Some entries follow. Reproduce exactly the lines starting at the one with "Departamento centrico - 9" and stopping after the one with "To Identify Brown".

DATA SHOWN —
▼

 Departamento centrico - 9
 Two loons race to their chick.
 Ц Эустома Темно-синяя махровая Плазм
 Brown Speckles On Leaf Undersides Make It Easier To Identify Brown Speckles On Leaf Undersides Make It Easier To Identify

▲
▼

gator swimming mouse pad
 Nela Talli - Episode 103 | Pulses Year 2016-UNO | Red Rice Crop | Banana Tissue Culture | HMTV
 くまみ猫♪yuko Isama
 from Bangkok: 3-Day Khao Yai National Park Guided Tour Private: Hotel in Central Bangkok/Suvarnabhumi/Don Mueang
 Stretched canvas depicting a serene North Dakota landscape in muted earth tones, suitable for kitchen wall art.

▲

YOUR RESPONSE —
 Departamento centrico - 9
 Two loons race to their chick.
 Ц Эустома Темно-синяя махровая Плазм
 Brown Speckles On Leaf Undersides Make It Easier To Identify Brown Speckles On Leaf Undersides Make It Easier To Identify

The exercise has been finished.